• [Problem to work on]:
Take nothing but the lines from the one with "Satılır 10 otaqlı həyət evi 622 m²" through the one with "High-Traction Rubber Outsole" in the entries below, both ends kept, and return them exactly with pictures left out.

┌─ Entries provided

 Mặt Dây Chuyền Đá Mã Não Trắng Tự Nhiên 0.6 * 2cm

└─
┌─ Entries provided

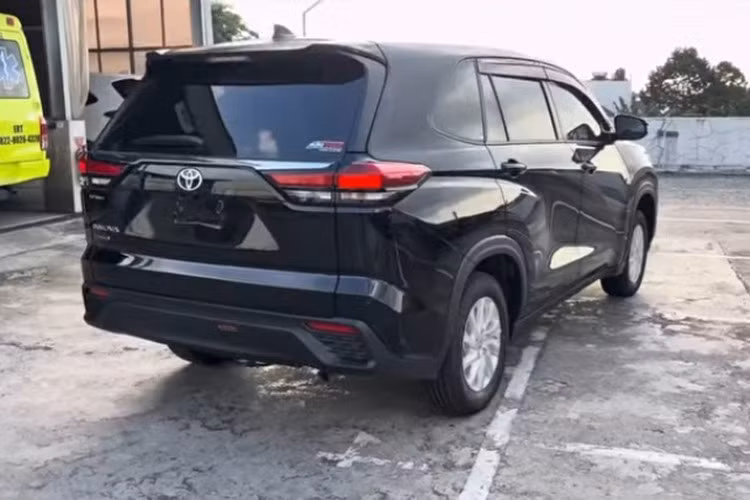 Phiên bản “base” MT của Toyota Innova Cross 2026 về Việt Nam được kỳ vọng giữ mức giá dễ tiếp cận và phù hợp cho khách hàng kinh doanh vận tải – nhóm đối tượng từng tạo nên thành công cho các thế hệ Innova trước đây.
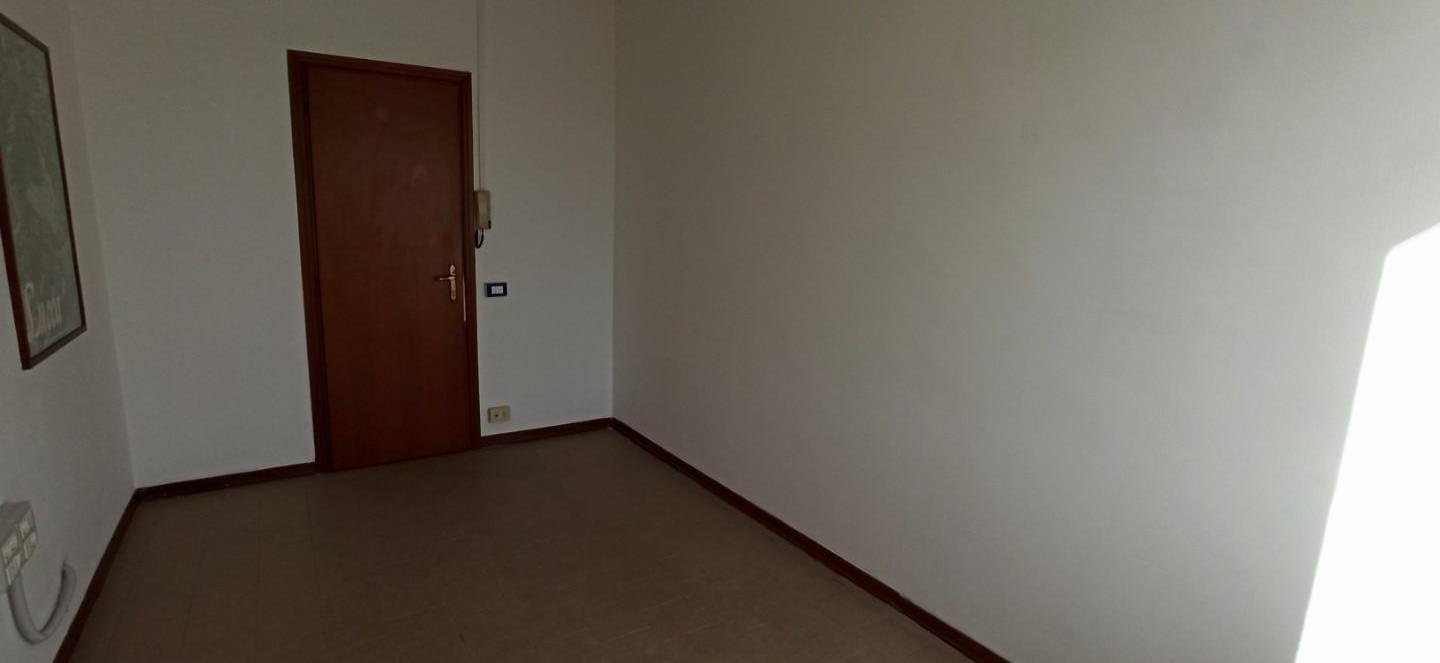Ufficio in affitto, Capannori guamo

└─
┌─ Entries provided

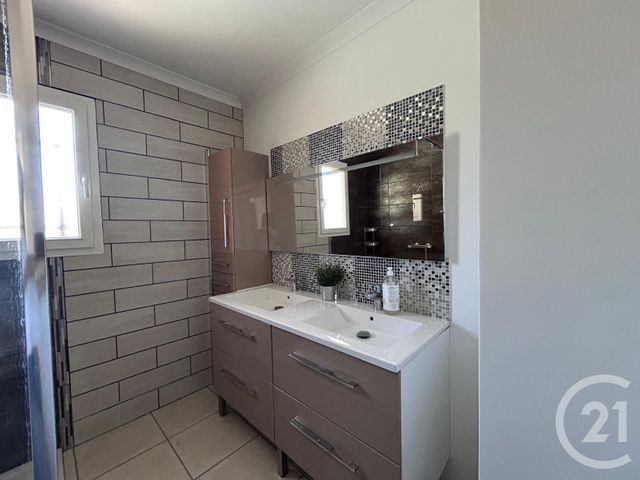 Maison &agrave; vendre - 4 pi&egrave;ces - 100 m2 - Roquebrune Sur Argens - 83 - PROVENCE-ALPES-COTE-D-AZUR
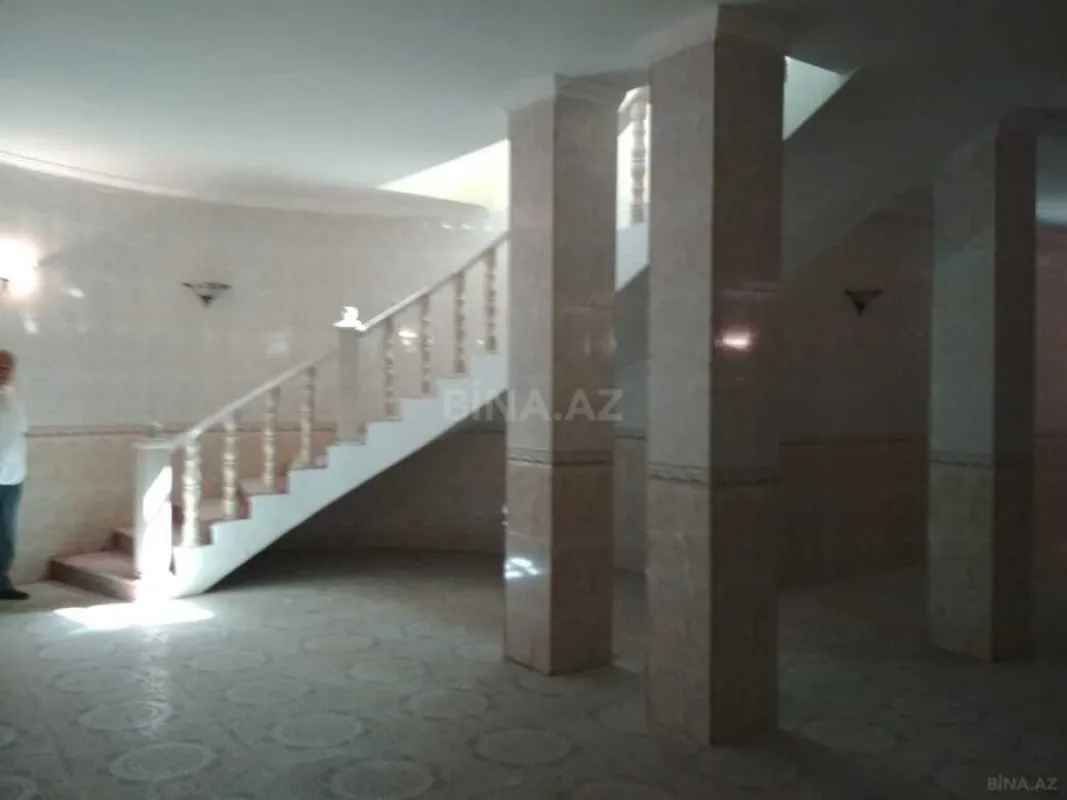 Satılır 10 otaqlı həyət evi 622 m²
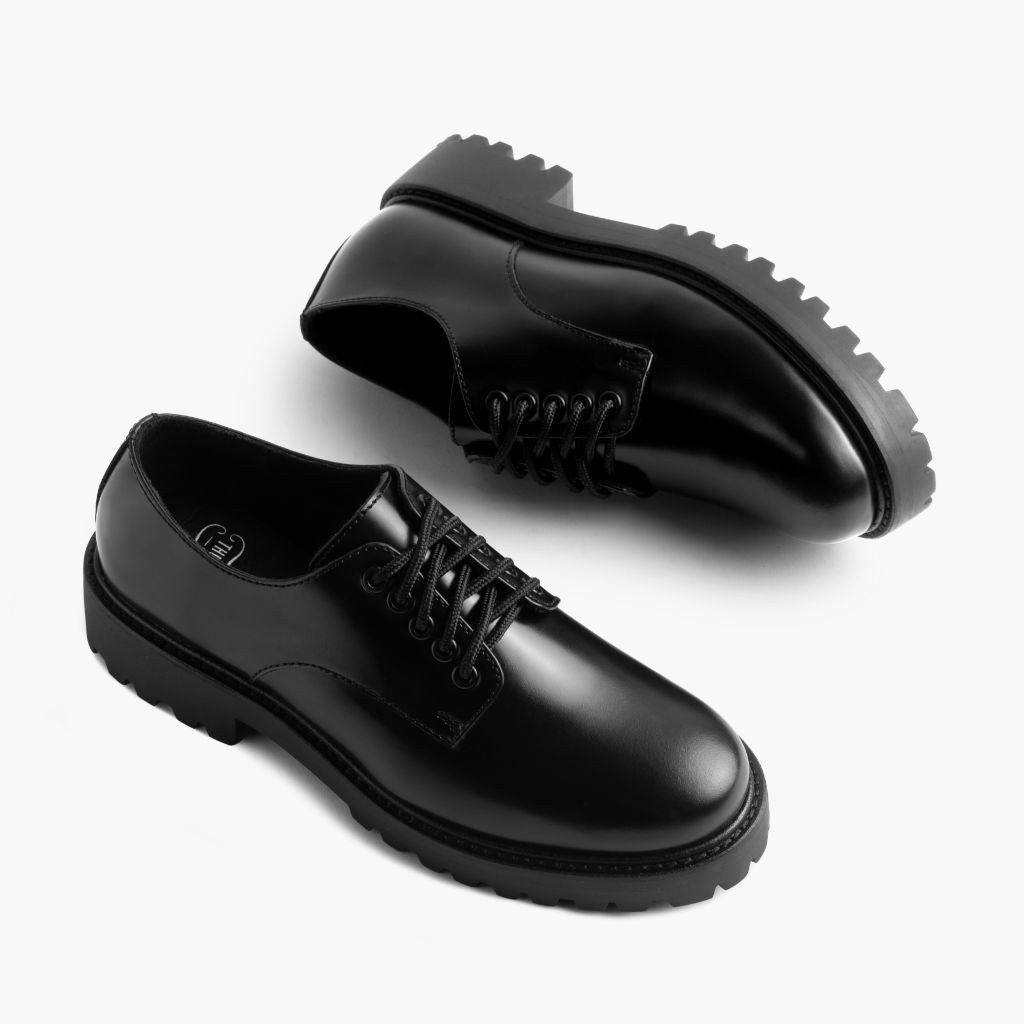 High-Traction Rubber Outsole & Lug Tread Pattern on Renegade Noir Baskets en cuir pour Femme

└─

• [Solution]:
 Satılır 10 otaqlı həyət evi 622 m²
 High-Traction Rubber Outsole & Lug Tread Pattern on Renegade Noir Baskets en cuir pour Femme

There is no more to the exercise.